Would you give back exactly the lines from the line with "Capteur d'angle, vilebrequin" through the end of the entries below, both included, but none of the pictures?

[Web page caption snippets]

# # # # # # #

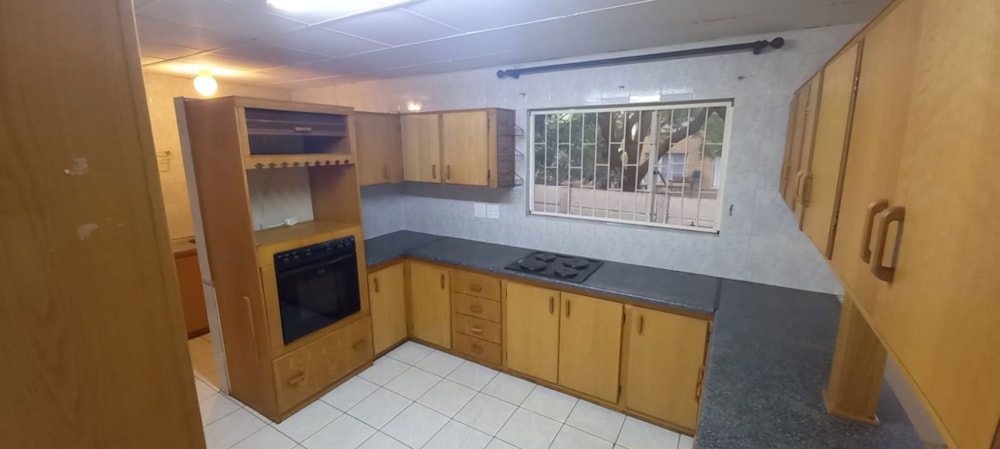 House let in Universitas - 1BX1716567 House let in Universitas - 1BX1716567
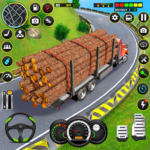 offroad cargo truck games.png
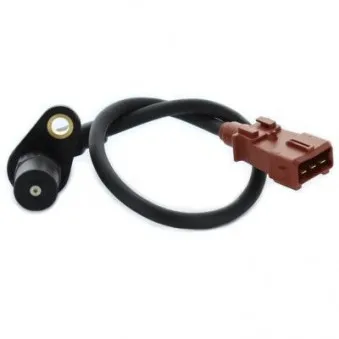 Capteur d'angle, vilebrequin HOFFER OEM 18796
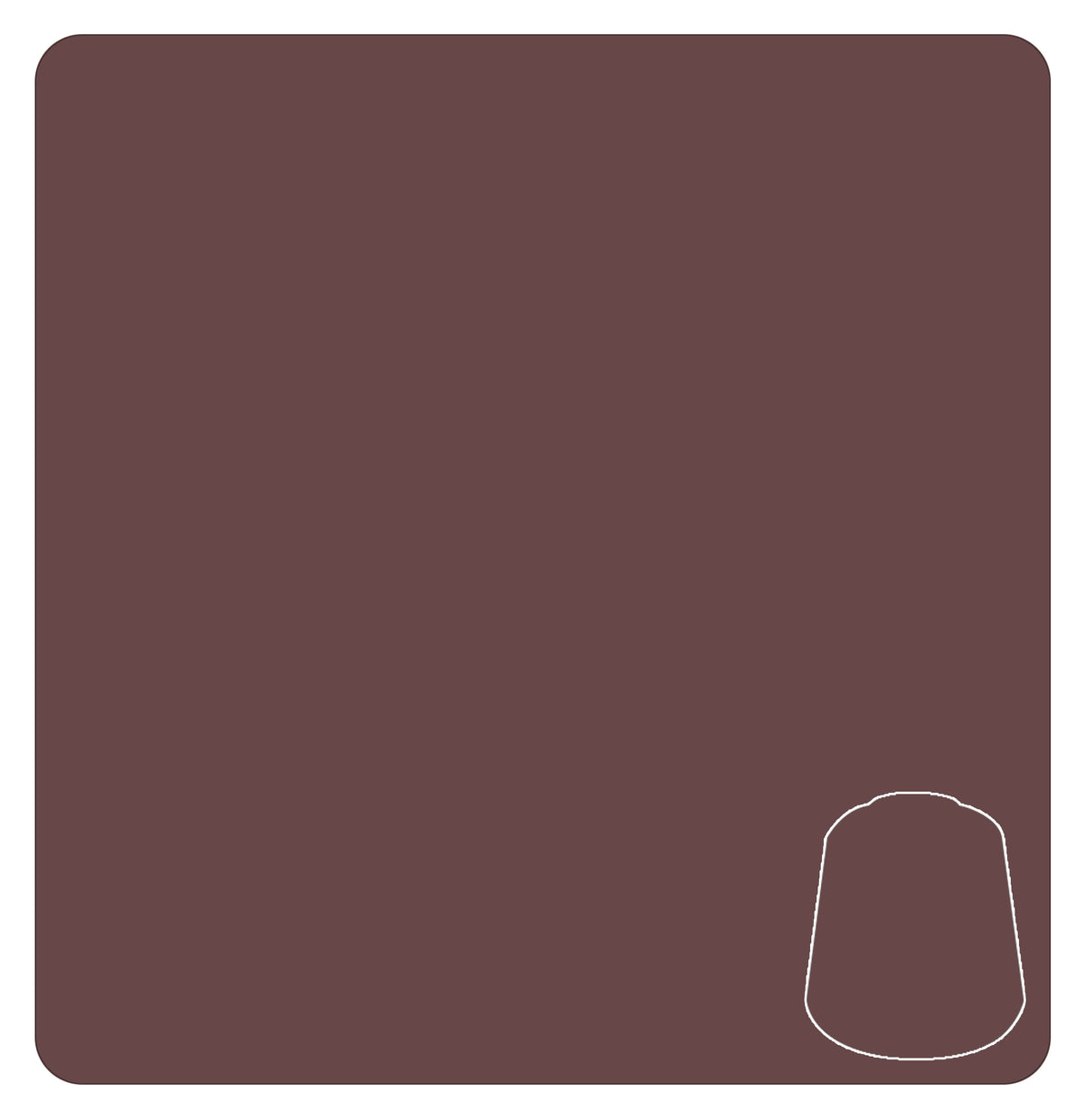 LAYER: BLOODREAVER FLESH (12ML)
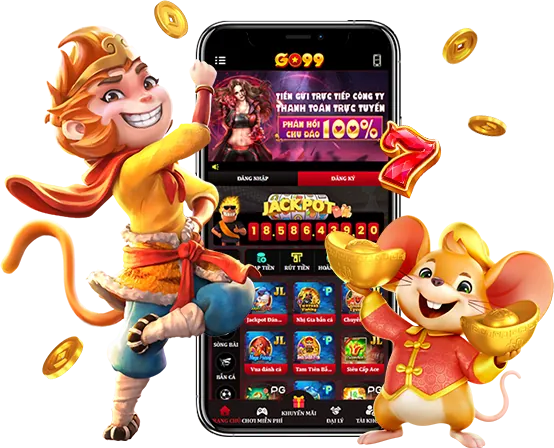 Lợi ích khi tham gia C168OKVIP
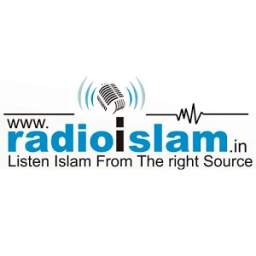 Radio Islam India-Official App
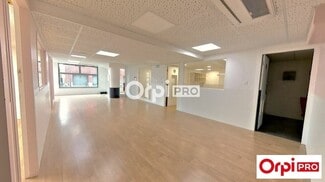 More details for Retail for Lease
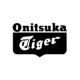 Onitsuka Tiger Onitsuka Tiger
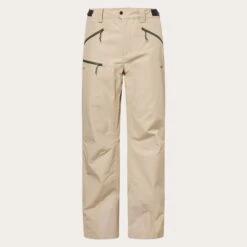 Oakley Unbound Gore-Tex Shell Pant Humus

# # # # # # #

Task output:
 Capteur d'angle, vilebrequin HOFFER OEM 18796
 LAYER: BLOODREAVER FLESH (12ML)
 Lợi ích khi tham gia C168OKVIP
 Radio Islam India-Official App
 More details for Retail for Lease
 Onitsuka Tiger Onitsuka Tiger
 Oakley Unbound Gore-Tex Shell Pant Humus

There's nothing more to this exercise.